Last year, Alejandro Chávarro was still living in Paris, pouring wines at the famed, Michelin 3-star restaurant L’Astrance. Earlier this year, he followed his heart and moved to Lisbon with a suitcase full of wines from the friends he’d made along his way in France. Vinhos Livres was born. Since early October, he’s organized Master Classes every Monday night, with a focus on natural wines, from local gems to Champagne up-and-coming producers. Don’t miss out this opportunity to learn from one of the most talented, yet fun and friendly, sommeliers around.
With his neat, large mustache and his friendly, even larger smile, it’s impossible not to like Evaristo. When he isn’t shining bright behind the counter at Comida Independente, the Portuguese-born chef comes up with the greatest pop-up concepts. From “Bubbles Against Trouble” to “The Worst of the Pig,” he’s covering it all, and if those names got you thirsty for more, check his upcoming events out.
Short on natural wines to quench her thirst as she was settling down in her new home, Jenifer Duke launched her very own import company, Rebel Rebel, earlier this year. It didn’t take long for that strong-willed former Berliner to start organizing themed dinners together with the like-minded brain behind Pour Decisions, fly sommeliers from London to show Lisbon what’s up, or partner with local chefs to promote the “natty juices” that are so dear to her heart. Check out her Instagram to not miss her latest gigs while you’re around.
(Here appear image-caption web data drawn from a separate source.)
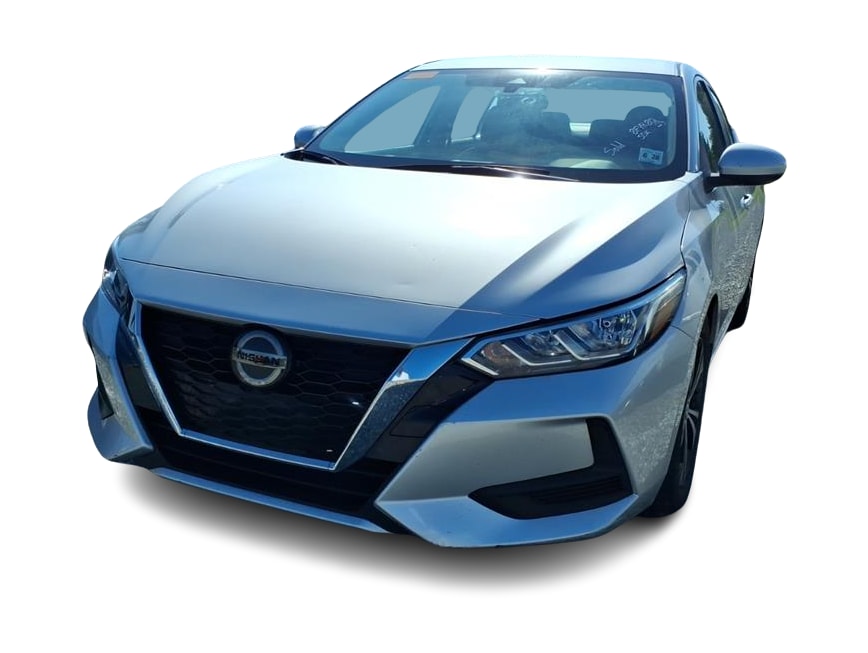 Thumbnail: 2023 Nissan Sentra - 2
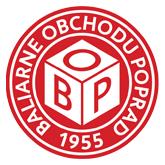 Baliarne obchodu, a. s. Poprad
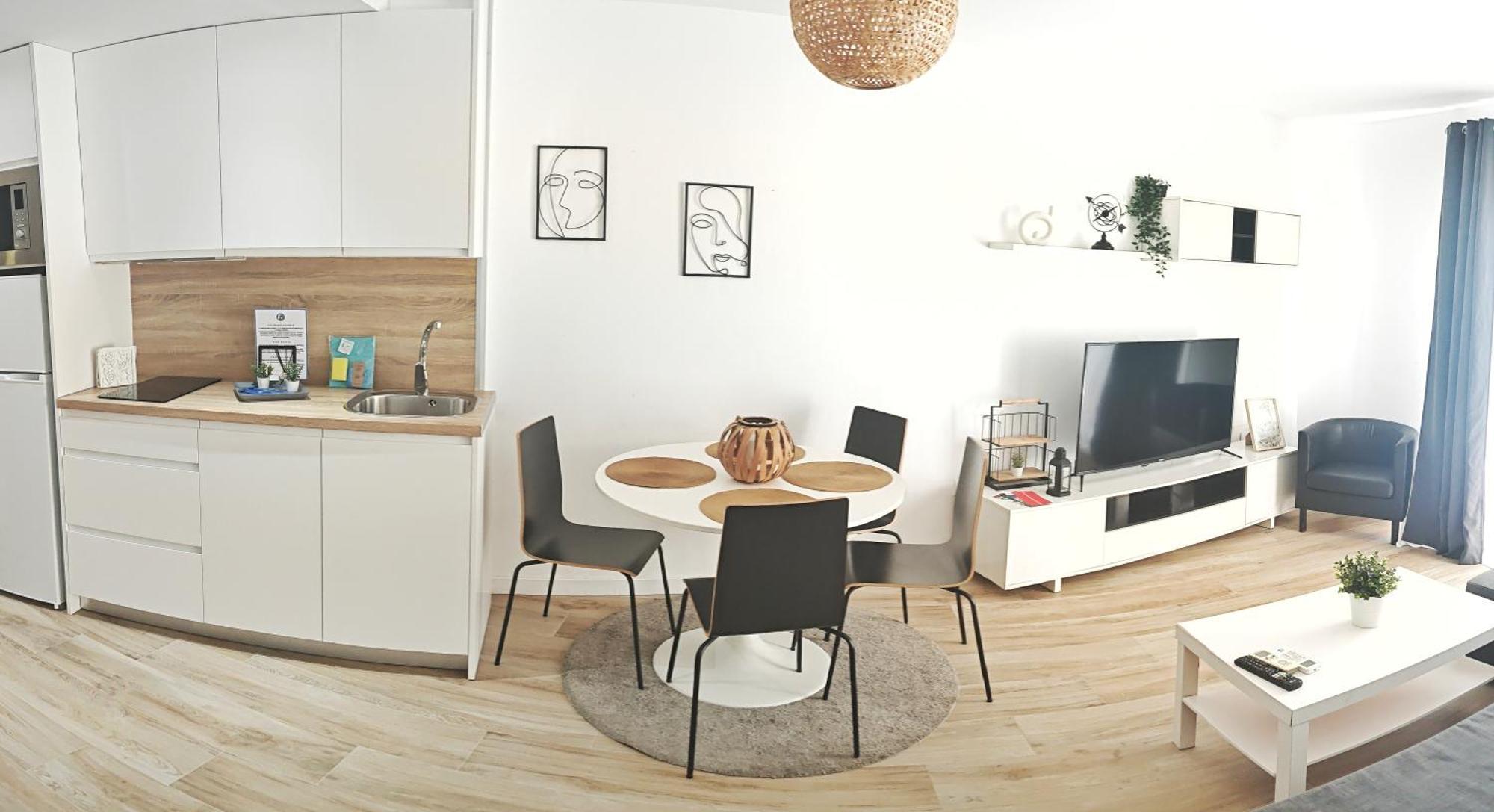 בנאלמדנה Casa Oasis Benalbeach מראה חיצוני תמונה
Valsa, “associação cultural com eventos” literally, is a cultural association with events. Unwind to a quiet indie rock soundtrack playing quietly enough that you can enjoy the surrounding chatter, grab some paddles and defy your friends on the electric blue ping-pong table, or just sip on a fresh local beer or a glass of raw wine at the bar. Open Wednesday through Sunday for the regular fun, but keep an eye out for their special events.
A Tribute to Café Tati
Café Tati was once the undisputed hub for all things natural wine in Lisbon, where you could drink everything from De Moor’s razor-sharp Chablis to Jason Ligas’ stunning macerated Greek varieties. Founder Ramón Ibañes animated the Lisbon wine upon opening in 2006, starting out first with the intention to create a place that felt like home. As Ibañes fell down the natural wine rabbit hole, the selection grew, allowing the locals to discover this whole new world and tourists and expats to get their much needed natty fix in the city of cheap beers. But as it often happens in such booming, developing markets, gentrification eventually came knocking on Café Tati’s door. The building changed hands, the new owners had big renovations plans, and just like that, on a sunny late December 2018 day, Café Tati had to go. The last beat of jazz was heard, the last drop of sharp Alvarinho was sipped, the last Padrón pepper was devoured. While drying its tears, the city of Lisbon remains thankful to Ramón and his partner Romina, for all the love they shared and the beautiful natural wine culture they helped establish in this city.